Canada’s so-called newspaper of record, the Globe and Mail, has run numerous articles in recent months raising concern about Beijing’s economic and political influence in Canada. But this campaign reached an entirely new level last month after the Liberal government approved the takeover of Vancouver-based Norsat International by a Chinese company, Hytera Communications.
A manufacturer of satellite communications devices, Norsat’s clients include the militaries of Canada, the US, and NATO.
Prime Minister Justin Trudeau has defended that Norsat takeover, saying a government review concluded that there was no risk to national security. But the Globe and the opposition have taken the government to task, saying a more comprehensive review should have been conducted. “Where other governments are wary of Chinese companies trying to take over their domestic technology firms, ours,” complained a Globe editorial, “is happy to facilitate a quick and easy sale.”

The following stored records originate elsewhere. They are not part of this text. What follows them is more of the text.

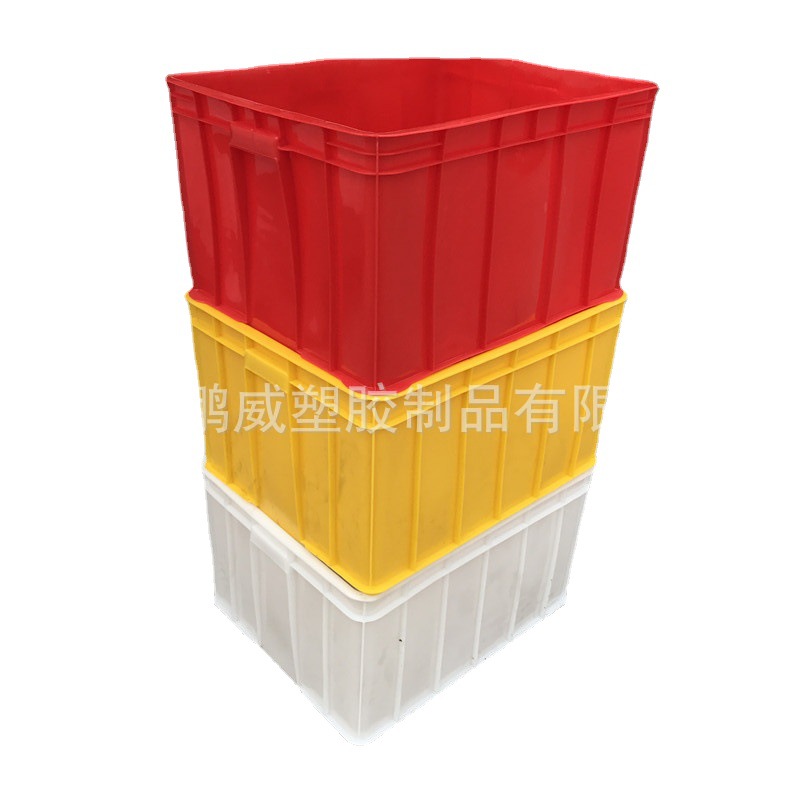 东莞寮步现货供应五金零配件周转箱 大号塑胶箱 车间周转胶盆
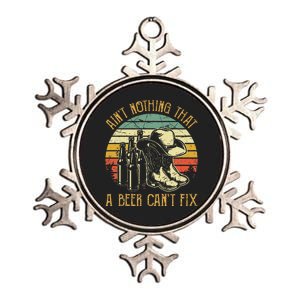 AinT Nothing That A Beer CanT Fix Country Music Metallic Star Ornament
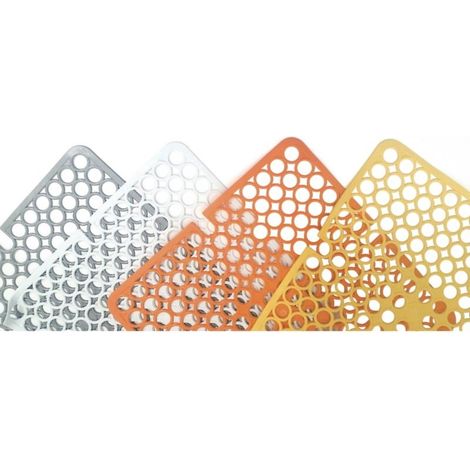 Set 3 Pezzi Tappeti per Lavello Classic Argento Bama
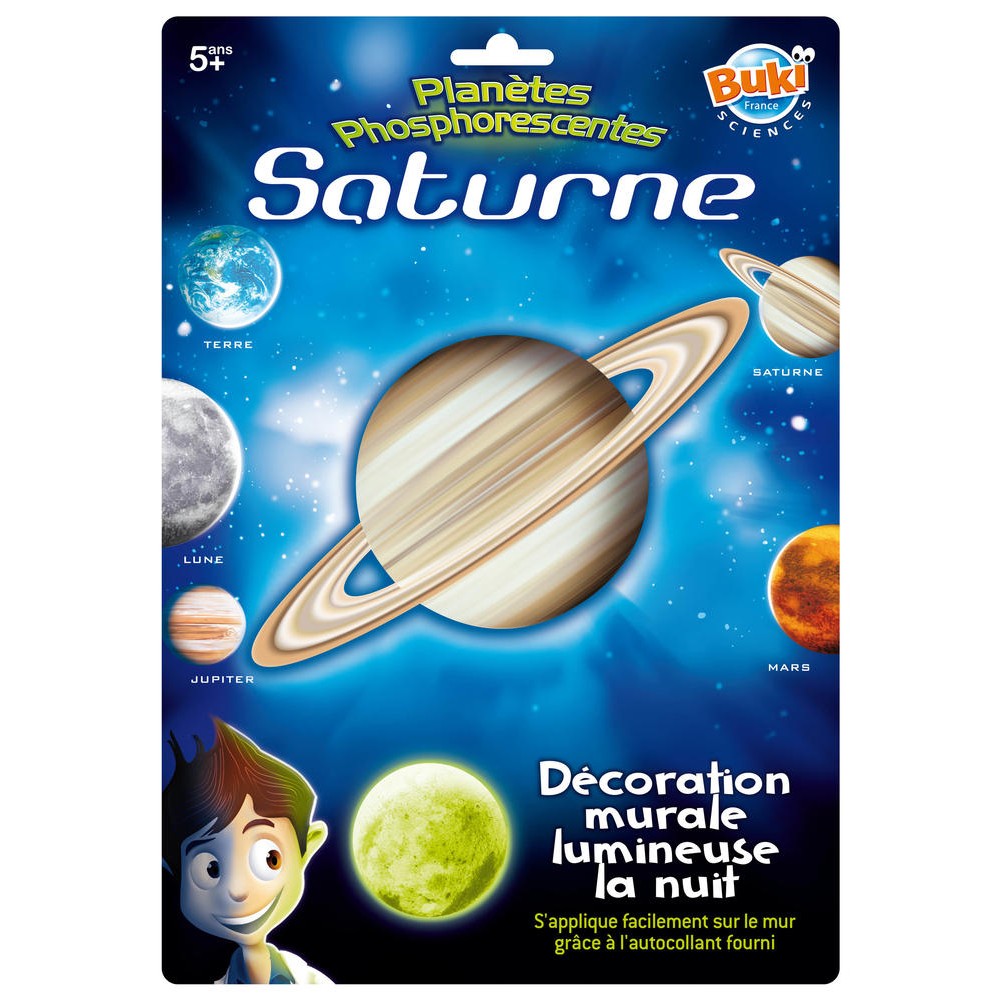 Saturne Phosporenscent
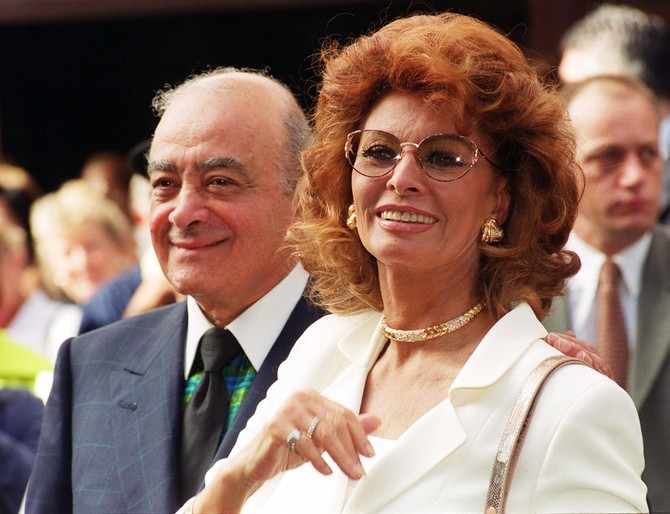 Mohamed al Fajed i Sofija Loren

The Globe has trumpeted adverse reaction to the Norsat takeover from the military-security establishment in both Canada and the US, including two former directors of the Canadian Security Intelligence Service (CSIS) and the Pentagon. Mac Thornberry, chairman of the US House Armed Services Committee, criticized Ottawa in a statement to the Globe, declaring, “I have growing concern that countries like China are investing in various projects, exploiting the seams of regulatory structures, and using other methods to obtain key defence technologies.”
The new Conservative Party leader, Andrew Scheer, has been quick to chime in, vowing that if he were elected Prime Minister, there would be no free trade agreement with Beijing. “There are so many concerns with the Chinese government–their human rights record, the way their economy works. We don’t want to see Canadian manufacturers, Canadian workers put on a completely uneven playing field,” Scheer told Global News. The invocation of human and workers’ rights by Scheer, who boasts about his political affinity with former Primer Stephen Harper and his hard-right policies, could not be more cynical.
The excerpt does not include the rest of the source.